'''

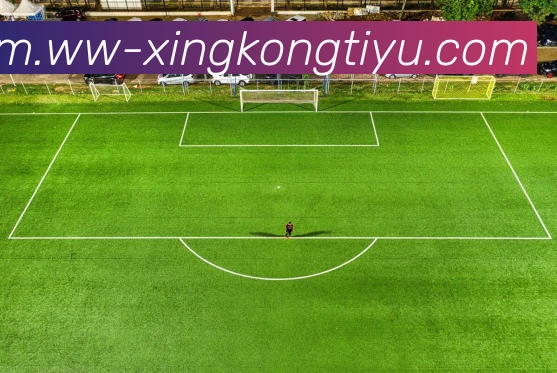 星空体育平台生态图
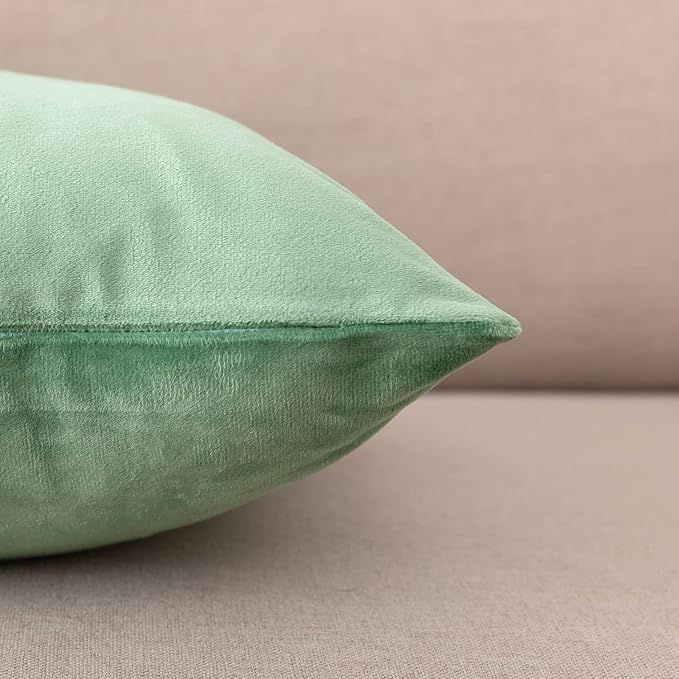 NiNi ALL Decorative Throw Pillow Covers Pack of 2, Velvet Cushion Case - Image 6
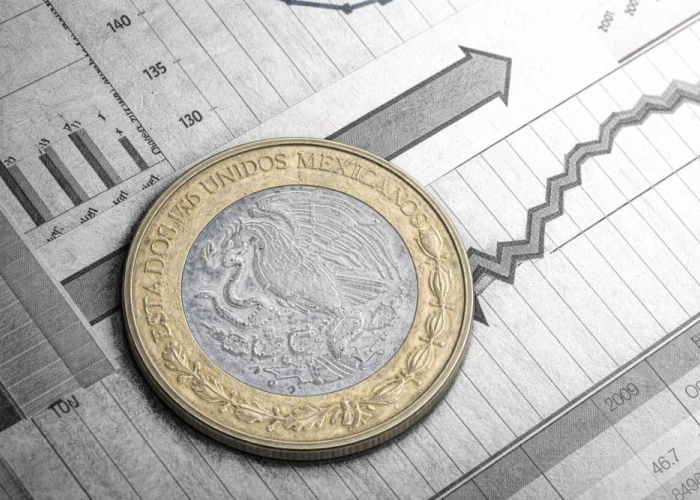 Sorprende el desplome de la economía en enero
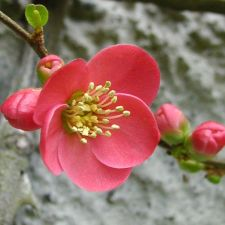 spring flowers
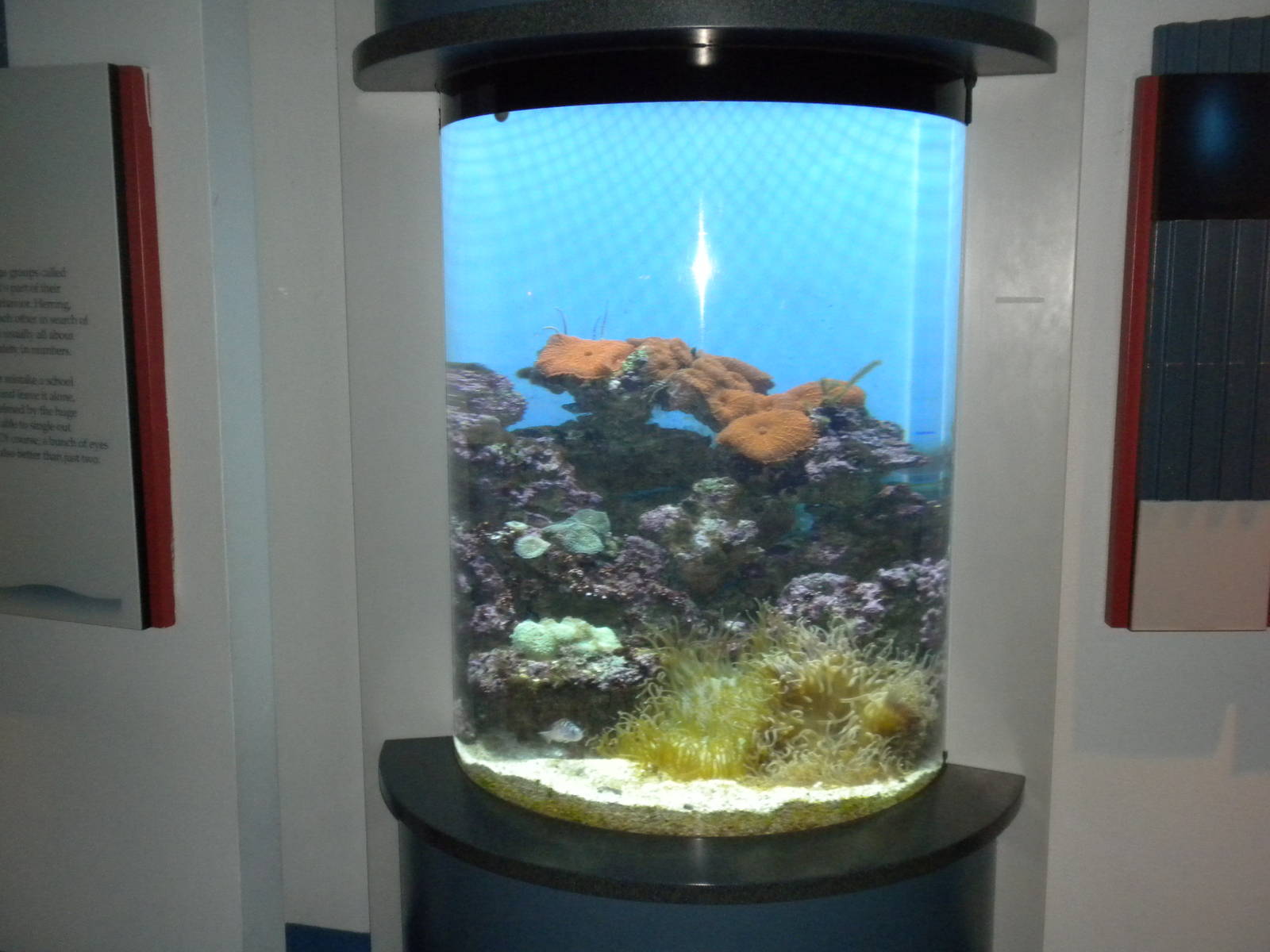 Aquarium 2010
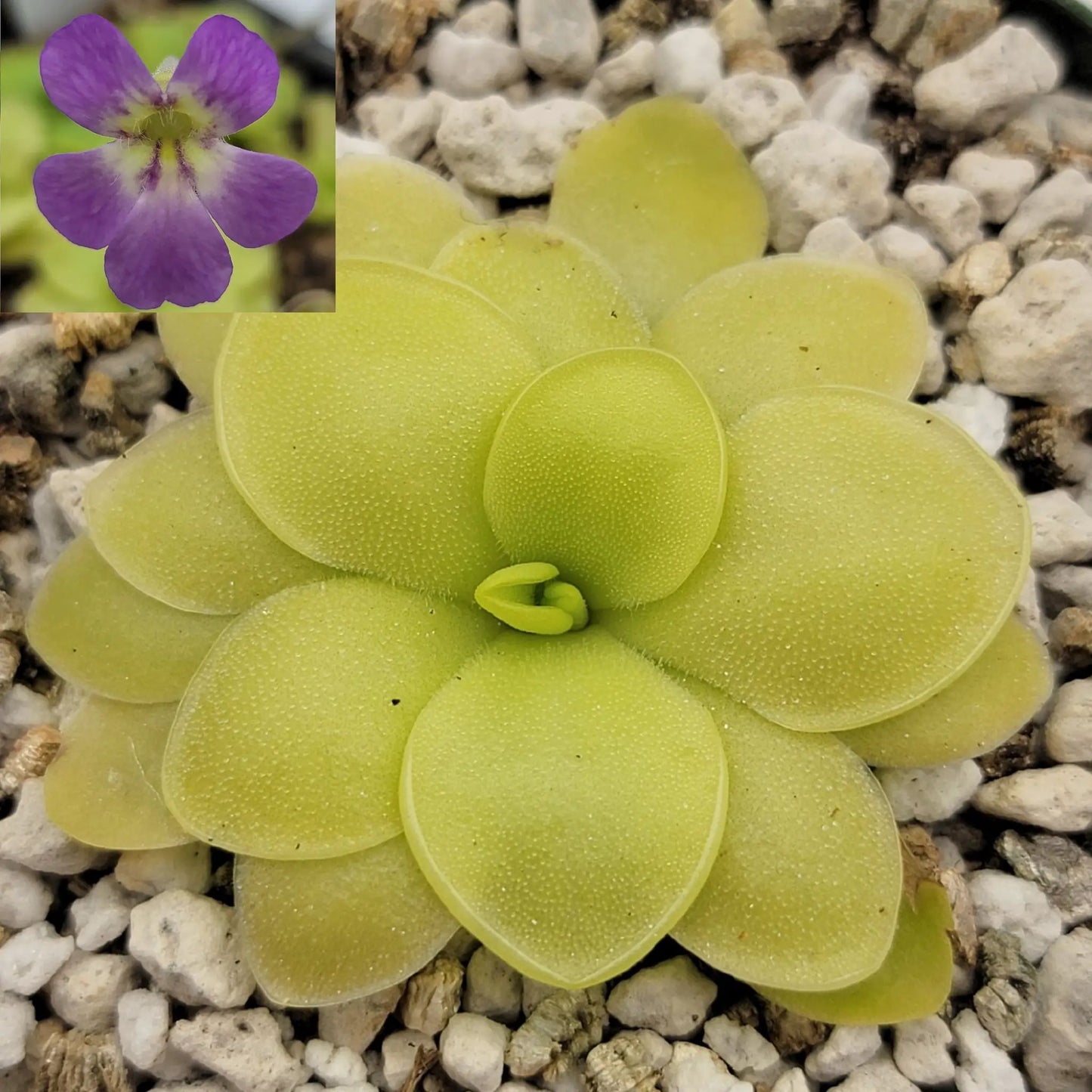 Pinguicula 'Huahuapan' x pilosa - Tampa Home & Garden Store
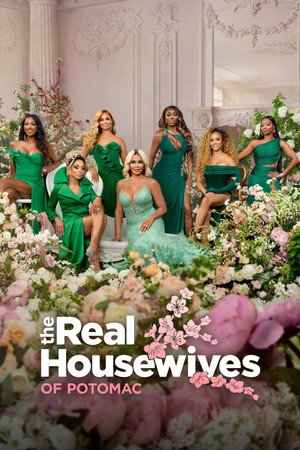 The Real Housewives of Potomac 9. évad (2024-10-06) poszter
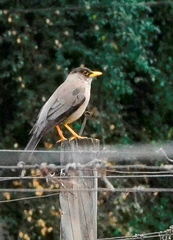 Turdus falcklandii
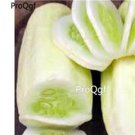 prodgf 6000pcs White Cucumber  seed
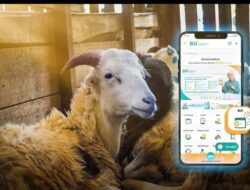 Layani Kurban Online, BSI Maslahat Siap Distribusikan Daging untuk Umat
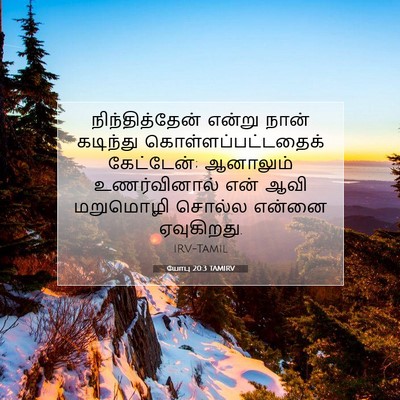 Picture 07 - யோபு 20:3 TAMIRV - நிந்தித்தேன் - Bible Verse Picture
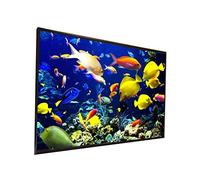 Écran de projecteur en Plein air 150 200 Pouces Matériau de Tissu Blanc de 300 Pouces 180 250 Pouces en Option 16: 9/4: 3 pour Proyector LED(120 inch)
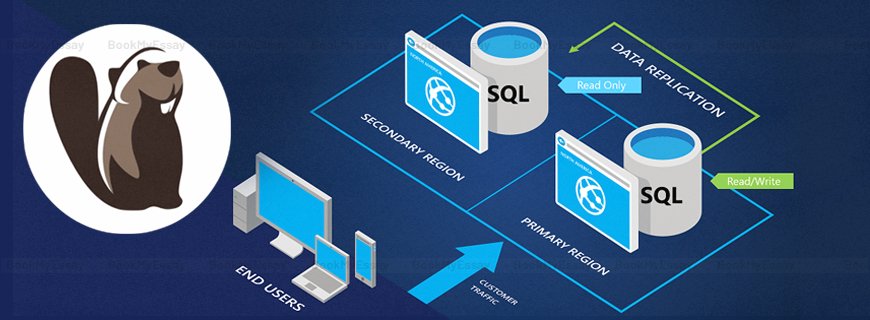 DBeaver Database SQL Assignment Help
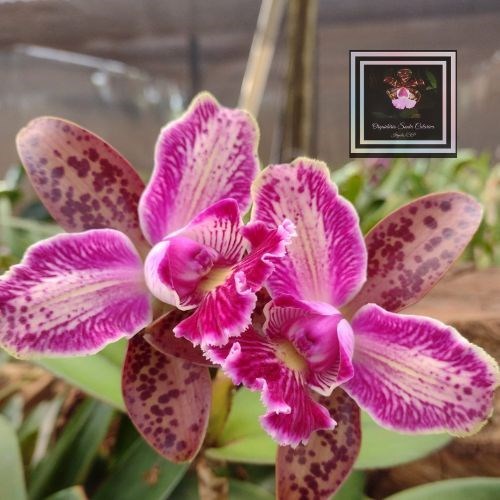 Orquídea Cat. Schilleriana x Cat. Karol Wojtyla (LANÇAMENTO) 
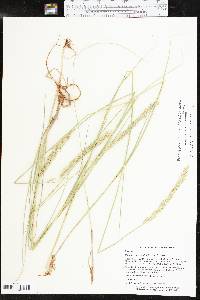 Pascopyrum smithii image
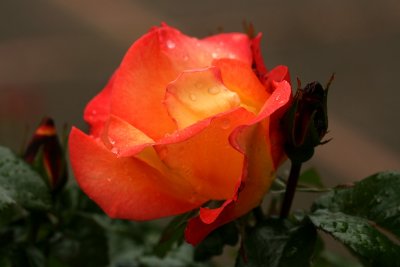 g1/67/34567/3/127702887.WlzuYQNM.jpg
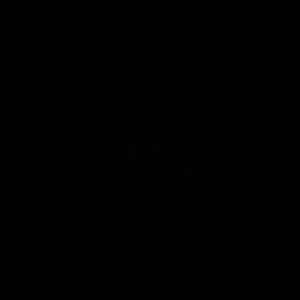 Meet your Posher, Roslyn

'''

§ What you need to do:
Range to print from the listing above: from the line with "Turdus falcklandii" up to and including the line with "Pascopyrum smithii image". Please print those lines exactly, with no pictures and nothing more.

§ Result of the task:
 Turdus falcklandii
 prodgf 6000pcs White Cucumber  seed
 Layani Kurban Online, BSI Maslahat Siap Distribusikan Daging untuk Umat
 Picture 07 - யோபு 20:3 TAMIRV - நிந்தித்தேன் - Bible Verse Picture
 Écran de projecteur en Plein air 150 200 Pouces Matériau de Tissu Blanc de 300 Pouces 180 250 Pouces en Option 16: 9/4: 3 pour Proyector LED(120 inch)
 DBeaver Database SQL Assignment Help
 Orquídea Cat. Schilleriana x Cat. Karol Wojtyla (LANÇAMENTO) 
 Pascopyrum smithii image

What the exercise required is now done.